Open In Colab   Open in Kaggle

Tutorial 2: What is an Extreme Event? Empirical Return Levels#

Week 2, Day 4, Extremes & Variability

Content creators: Matthias Aengenheyster, Joeri Reinders

Content reviewers: Younkap Nina Duplex, Sloane Garelick, Paul Heubel, Zahra Khodakaramimaghsoud, Peter Ohue, Laura Paccini, Jenna Pearson, Agustina Pesce, Derick Temfack, Peizhen Yang, Cheng Zhang, Chi Zhang, Ohad Zivan

Content editors: Paul Heubel, Jenna Pearson, Chi Zhang, Ohad Zivan

Production editors: Wesley Banfield, Paul Heubel, Jenna Pearson, Chi Zhang, Ohad Zivan

Our 2024 Sponsors: NFDI4Earth, CMIP

Tutorial Objectives#

Estimated timing of tutorial: 30 minutes

In this second tutorial, you will calculate the precipitation levels associated with the 50, 100, and 500-year events using the empirical method.

By the end of this tutorial, you will have the ability to:

  • Calculate empirical return levels.

  • Visualize a data record using a return level plot.

  • Estimate the uncertainty qualitatively via bootstrapping.

Setup#

# imports
import numpy as np
import matplotlib.pyplot as plt
import pandas as pd
import os
import pooch
import tempfile
from scipy import stats

Figure Settings#

Hide code cell source
# @title Figure Settings
import ipywidgets as widgets  # interactive display

%config InlineBackend.figure_format = 'retina'
plt.style.use(
    "https://raw.githubusercontent.com/neuromatch/climate-course-content/main/cma.mplstyle"
)

Helper functions#

Hide code cell source
# @title Helper functions


def pooch_load(filelocation=None, filename=None, processor=None):
    shared_location = "/home/jovyan/shared/Data/tutorials/W2D4_ClimateResponse-Extremes&Variability"  # this is different for each day
    user_temp_cache = tempfile.gettempdir()

    if os.path.exists(os.path.join(shared_location, filename)):
        file = os.path.join(shared_location, filename)
    else:
        file = pooch.retrieve(
            filelocation,
            known_hash=None,
            fname=os.path.join(user_temp_cache, filename),
            processor=processor,
        )

    return file

Video 1: What is an Extreme Event?#

Section 1: Calculating Return Levels#

The 100-year event represents a precipitation level that is expected to occur only once every 100 years, indicating an event with a 1% chance of occurring in any given year. Similarly, the 2-year event has a 50% chance of occurring annually. These return periods, as they are commonly referred to, play a crucial role in policymaking and infrastructure design. For instance, bridges are constructed to withstand 100-year flood events, evacuation plans are tailored for 50-year earthquakes, and nuclear power plants are engineered to withstand 10,000-year storms.

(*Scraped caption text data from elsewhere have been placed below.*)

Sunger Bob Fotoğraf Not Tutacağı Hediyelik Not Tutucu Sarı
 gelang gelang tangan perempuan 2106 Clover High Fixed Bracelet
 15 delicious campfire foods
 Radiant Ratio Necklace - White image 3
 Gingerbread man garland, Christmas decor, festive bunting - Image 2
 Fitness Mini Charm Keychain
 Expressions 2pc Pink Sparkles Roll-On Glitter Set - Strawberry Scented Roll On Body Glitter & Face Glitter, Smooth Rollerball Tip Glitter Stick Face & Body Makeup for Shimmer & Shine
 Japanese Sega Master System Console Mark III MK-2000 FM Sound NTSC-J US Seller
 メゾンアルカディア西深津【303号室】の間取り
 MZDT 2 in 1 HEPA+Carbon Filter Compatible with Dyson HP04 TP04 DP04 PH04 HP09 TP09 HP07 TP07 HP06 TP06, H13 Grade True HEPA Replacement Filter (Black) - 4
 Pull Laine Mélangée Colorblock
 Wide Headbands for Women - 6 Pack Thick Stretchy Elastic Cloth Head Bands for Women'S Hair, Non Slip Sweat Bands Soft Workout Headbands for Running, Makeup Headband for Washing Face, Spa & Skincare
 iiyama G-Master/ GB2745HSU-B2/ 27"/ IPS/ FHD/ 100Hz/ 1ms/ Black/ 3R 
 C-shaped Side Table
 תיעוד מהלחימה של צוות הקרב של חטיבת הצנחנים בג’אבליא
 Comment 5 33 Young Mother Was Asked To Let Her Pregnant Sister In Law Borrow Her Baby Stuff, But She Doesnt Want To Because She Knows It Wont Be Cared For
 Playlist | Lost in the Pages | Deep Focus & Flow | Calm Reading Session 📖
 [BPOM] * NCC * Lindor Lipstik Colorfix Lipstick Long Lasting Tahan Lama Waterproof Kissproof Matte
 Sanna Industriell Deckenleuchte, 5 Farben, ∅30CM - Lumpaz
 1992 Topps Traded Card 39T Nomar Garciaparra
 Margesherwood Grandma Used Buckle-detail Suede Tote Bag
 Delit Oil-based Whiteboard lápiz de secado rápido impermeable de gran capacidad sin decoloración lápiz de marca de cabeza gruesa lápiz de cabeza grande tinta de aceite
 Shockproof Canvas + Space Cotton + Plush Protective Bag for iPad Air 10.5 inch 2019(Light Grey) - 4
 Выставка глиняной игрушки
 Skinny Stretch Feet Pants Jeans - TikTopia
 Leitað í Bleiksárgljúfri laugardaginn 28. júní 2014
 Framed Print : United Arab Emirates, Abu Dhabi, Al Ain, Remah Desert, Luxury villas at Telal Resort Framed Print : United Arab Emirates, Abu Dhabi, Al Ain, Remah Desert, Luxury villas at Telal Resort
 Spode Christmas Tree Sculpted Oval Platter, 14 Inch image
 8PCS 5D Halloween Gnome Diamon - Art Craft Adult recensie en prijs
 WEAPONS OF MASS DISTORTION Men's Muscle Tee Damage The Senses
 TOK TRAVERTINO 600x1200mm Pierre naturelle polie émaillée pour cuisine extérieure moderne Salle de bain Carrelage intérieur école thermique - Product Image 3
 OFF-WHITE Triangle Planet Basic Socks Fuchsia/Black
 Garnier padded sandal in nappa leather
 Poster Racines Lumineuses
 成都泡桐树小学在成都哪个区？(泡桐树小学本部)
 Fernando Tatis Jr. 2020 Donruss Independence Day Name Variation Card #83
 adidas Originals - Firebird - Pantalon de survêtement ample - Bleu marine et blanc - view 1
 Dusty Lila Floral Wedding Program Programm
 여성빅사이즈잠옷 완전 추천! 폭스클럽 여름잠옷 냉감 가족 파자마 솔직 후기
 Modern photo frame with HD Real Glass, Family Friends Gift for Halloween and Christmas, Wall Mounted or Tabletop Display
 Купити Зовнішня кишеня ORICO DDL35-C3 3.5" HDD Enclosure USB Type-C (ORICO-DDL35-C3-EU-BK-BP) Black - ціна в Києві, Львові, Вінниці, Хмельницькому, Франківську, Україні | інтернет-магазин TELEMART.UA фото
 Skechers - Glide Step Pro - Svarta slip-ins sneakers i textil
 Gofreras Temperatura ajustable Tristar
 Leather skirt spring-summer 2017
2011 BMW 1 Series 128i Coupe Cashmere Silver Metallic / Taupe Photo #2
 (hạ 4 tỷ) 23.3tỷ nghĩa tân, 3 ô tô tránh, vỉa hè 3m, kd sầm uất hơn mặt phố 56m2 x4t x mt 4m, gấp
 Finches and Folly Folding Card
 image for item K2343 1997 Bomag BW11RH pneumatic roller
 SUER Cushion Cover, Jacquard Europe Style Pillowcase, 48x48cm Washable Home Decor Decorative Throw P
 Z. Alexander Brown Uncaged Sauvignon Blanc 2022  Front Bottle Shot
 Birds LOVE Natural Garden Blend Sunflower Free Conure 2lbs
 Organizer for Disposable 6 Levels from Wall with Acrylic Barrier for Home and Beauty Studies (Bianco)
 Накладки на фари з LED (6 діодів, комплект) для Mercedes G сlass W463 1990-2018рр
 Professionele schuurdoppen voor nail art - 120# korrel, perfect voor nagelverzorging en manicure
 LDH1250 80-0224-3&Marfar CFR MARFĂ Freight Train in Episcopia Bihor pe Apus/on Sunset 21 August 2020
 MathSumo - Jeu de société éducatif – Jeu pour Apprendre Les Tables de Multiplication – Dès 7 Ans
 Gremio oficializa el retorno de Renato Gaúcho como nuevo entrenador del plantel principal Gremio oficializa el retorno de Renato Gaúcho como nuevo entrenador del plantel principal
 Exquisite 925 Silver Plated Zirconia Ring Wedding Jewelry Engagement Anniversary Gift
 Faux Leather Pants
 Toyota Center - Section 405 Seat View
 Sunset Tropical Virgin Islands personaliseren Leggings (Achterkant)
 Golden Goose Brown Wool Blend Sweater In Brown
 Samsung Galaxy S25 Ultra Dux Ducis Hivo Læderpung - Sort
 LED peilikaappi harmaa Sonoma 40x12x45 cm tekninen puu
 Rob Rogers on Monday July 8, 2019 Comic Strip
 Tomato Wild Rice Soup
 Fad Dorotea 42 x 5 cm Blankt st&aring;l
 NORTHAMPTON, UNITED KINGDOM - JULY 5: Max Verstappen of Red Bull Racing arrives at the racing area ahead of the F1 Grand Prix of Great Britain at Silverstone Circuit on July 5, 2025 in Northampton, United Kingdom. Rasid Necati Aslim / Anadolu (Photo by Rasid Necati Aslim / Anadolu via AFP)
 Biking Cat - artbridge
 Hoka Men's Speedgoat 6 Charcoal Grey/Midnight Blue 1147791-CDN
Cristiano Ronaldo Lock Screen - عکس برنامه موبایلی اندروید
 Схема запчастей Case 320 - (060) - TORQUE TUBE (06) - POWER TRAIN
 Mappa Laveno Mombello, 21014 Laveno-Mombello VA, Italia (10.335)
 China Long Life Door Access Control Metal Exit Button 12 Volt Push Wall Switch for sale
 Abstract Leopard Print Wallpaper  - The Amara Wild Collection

To determine the return levels associated with a specific return period, there are two approaches: empirical calculation and the use of probability density functions (PDF) within a distribution. In this tutorial, we will first focus on the empirical method.

First download and open the precipitation record in Germany (from the last tutorial) and plot it over time:

# download file: 'precipitationGermany_1920-2022.csv'
filename_precipitationGermany = "precipitationGermany_1920-2022.csv"
url_precipitationGermany = "https://osf.io/xs7h6/download"
data = pd.read_csv(
    pooch_load(url_precipitationGermany, filename_precipitationGermany), index_col=0
).set_index("years")
data.columns = ["precipitation"]
precipitation = data.precipitation
precipitation.plot.line(
    style=".-", xlabel="Time (years)", ylabel="Annual Maximum Daily Precipitation \n(mm/day)",grid=True
)
<Axes: xlabel='Time (years)', ylabel='Annual Maximum Daily Precipitation \n(mm/day)'>
../../../_images/09ac013e3813ac11507ffa2c6ea9c4cb7b75b12512affbfa3b909c443b4463c1.png
Click here for a description of the plot A time series of the annual maximum daily precipitation in millimeters per day per year. The data ranges from approximately 16 mm/day in the 1920s to almost 70 mm/day around 1970. About four peaks show unusual events of extreme precipitation (in 1924, 1968, 1982, and 2021). Moreover, a positive trend over time seems to be visible.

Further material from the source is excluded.